Clarity and validity of interim payment applications

The first case, 1st Formations Ltd v Lapp Industries Ltd, [2025] EWHC 1526 illustrates the need for clarity and validity of interim payment applications.

Lapp Industries was engaged to refurbish premises in London. As the contract lacked adequate payment provisions, the Scheme for Construction Contracts (England and Wales) Regulations 1998 applied. In April 2023, Lapp submitted an interim application seeking £100,000 on account, with supporting valuations.

1st Formations did not issue any payment notice or pay less notice.
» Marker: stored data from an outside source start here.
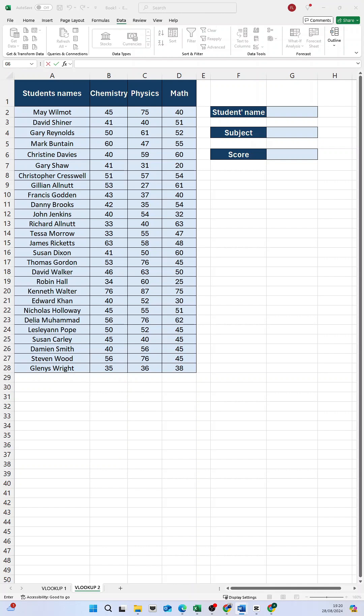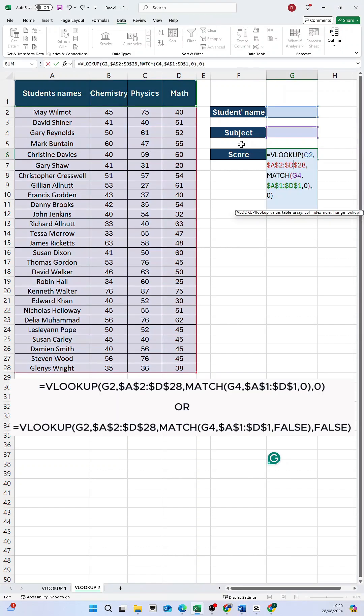Now, enter the VLOOKUP formula in the cell where you want the result to appear: VLOOKUP, G2, cell range A2 to D28, MATCH G4, cell range A1 to D1, zero.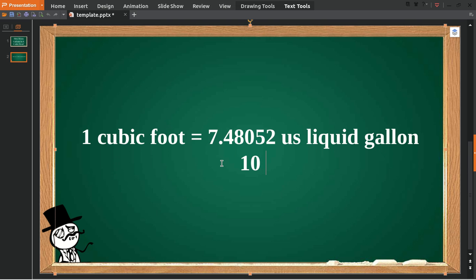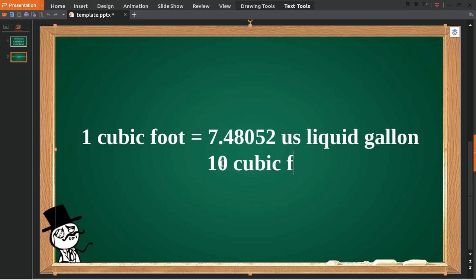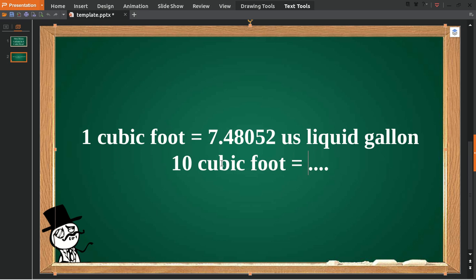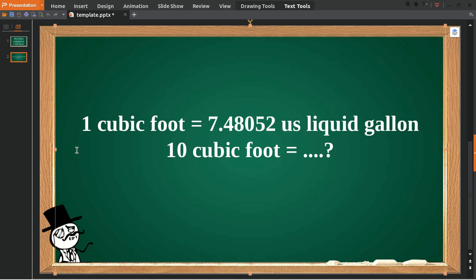In case someone asks you how many US liquid gallons you have for every 10 cubic feet, let me show you an easy way — almost like a shortcut.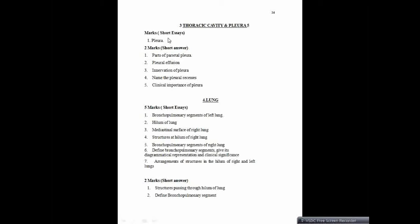Next subsection is thoracic cavity and pleura. Five markers: pleura — you need to explain the pleura, the different layers of the pleura, and the costal diaphragmatic spaces. Two markers: parts of parietal pleura — just mention the costal pleura, cervical pleura, diaphragmatic pleura, and mediastinal pleura. Pleural effusion is a clinical question — it is a collection of fluid in the pleura. Innervation of pleura — mention how the parietal and visceral pleura differ and which are pain sensitive. Name the pleural recesses: costal diaphragmatic and costal mediastinal recess. Clinical importance of pleura — mention something related like pleural effusion.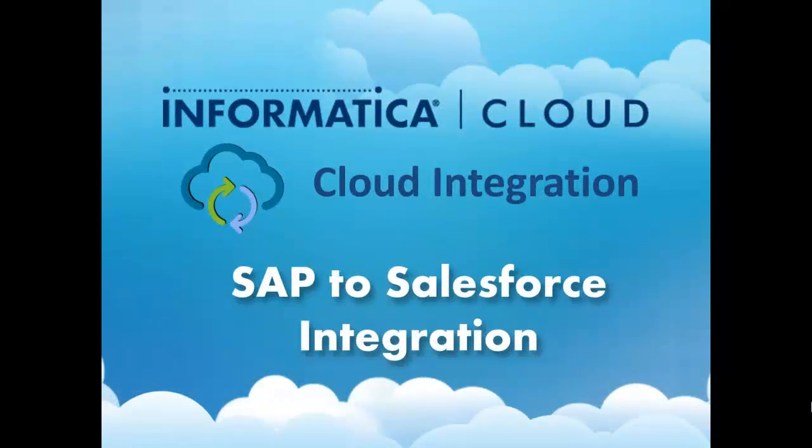Welcome to this demo of SAP to Salesforce integration with Informatica Cloud. I'm going to show you how to push some new accounts created in SAP and push them into Salesforce.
When Lapp enforced payment via adjudication and summary judgment, 1st Formations argued in subsequent Civil Procedure Rules Part 8 – the alternative procedure for claims used to seek declarations on legal issues only – that the application was invalid due to being based on provisional figures and seeking a partial on account sum.
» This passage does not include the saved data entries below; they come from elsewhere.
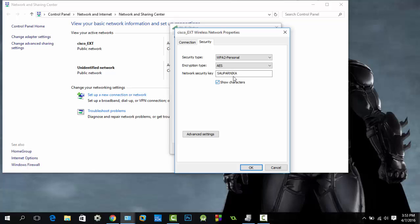Click Show Characters and you can see the WiFi password here. That's all guys, thanks for watching. Don't forget to subscribe, bye!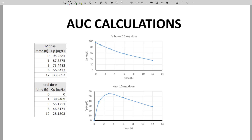Here on the screen are some CP time data and two curves for the same molecule. The top curve is an IV bolus, and the bottom curve is an oral dose. We've seen the IV bolus data before.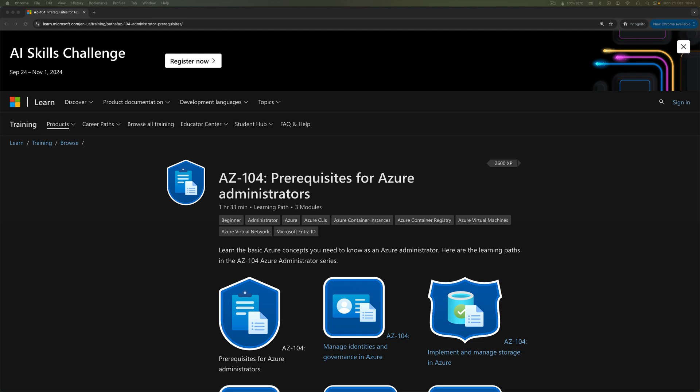All right, let's take a look at some of the hands-on activities for AZ-104 Microsoft Azure Administrator.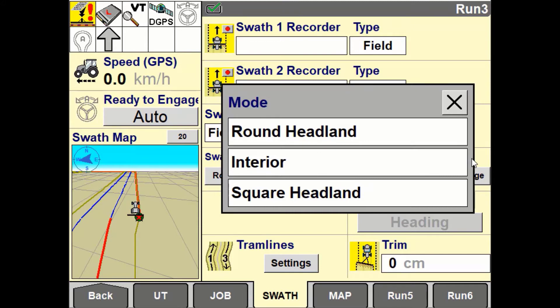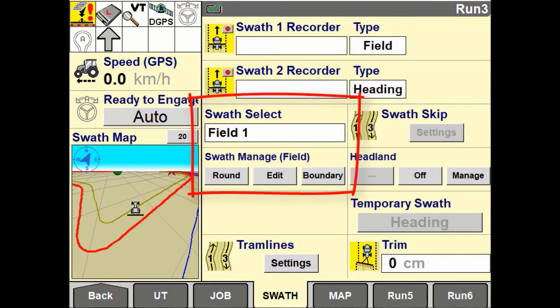This is the active guidance line, either around the perimeter of the field or the infield. You will also have the ability to create a boundary based off the field swath and edit the field swath, creating a new guidance line.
The Technology and Construction Court (TCC) rejected those arguments on the following grounds.

  1. The application was clear and unambiguous in setting out a sum due and the basis for that sum.
  2. Labels like provisional valuation or payment on account did not undermine validity.
  3. Errors in payment dates were immaterial; the statutory scheme's dates prevailed.
  4. The adjudicator's decision and earlier judgment stood.

The court reiterated the statutory regime's strict consequences: if a valid payment application is made and no responsive notice is issued, the notified sum becomes due, regardless of disputes over valuation.
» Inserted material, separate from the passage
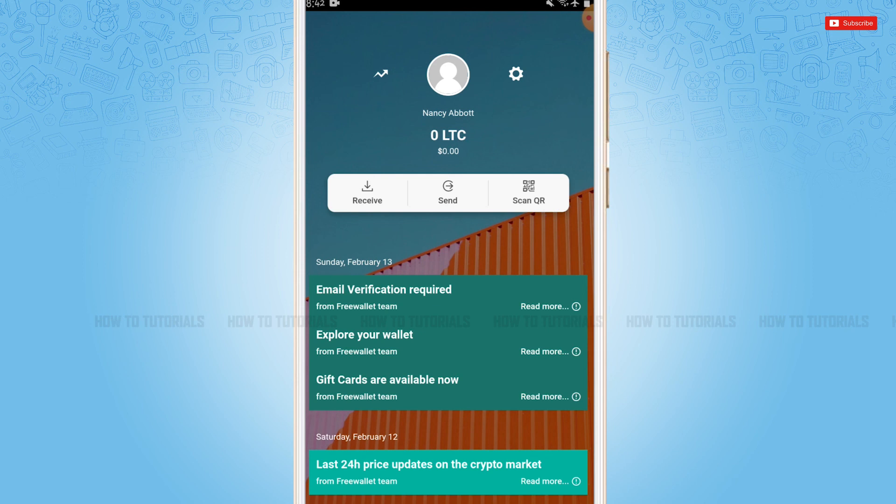Hope this video is fruitful for you all on how you can sign up for a Litecoin wallet. Thank you.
There are several implications arising from this case for building surveyors.

  1. Substance over form: focus on clarity and intent, not perfect wording or formatting.
  2. Respond promptly: missing the window to issue a payment or pay less notice can leave a client liable for the full applied amount.
  3. Robust systems: implement clear internal processes for logging applications and issuing timely notices.
  4. Valuation discipline: maintain contemporaneous evidence of progress and valuation to support or contest applications effectively.

This case reinforces that the courts will adopt a practical, objective approach, prioritising commercial common sense over technical nitpicking.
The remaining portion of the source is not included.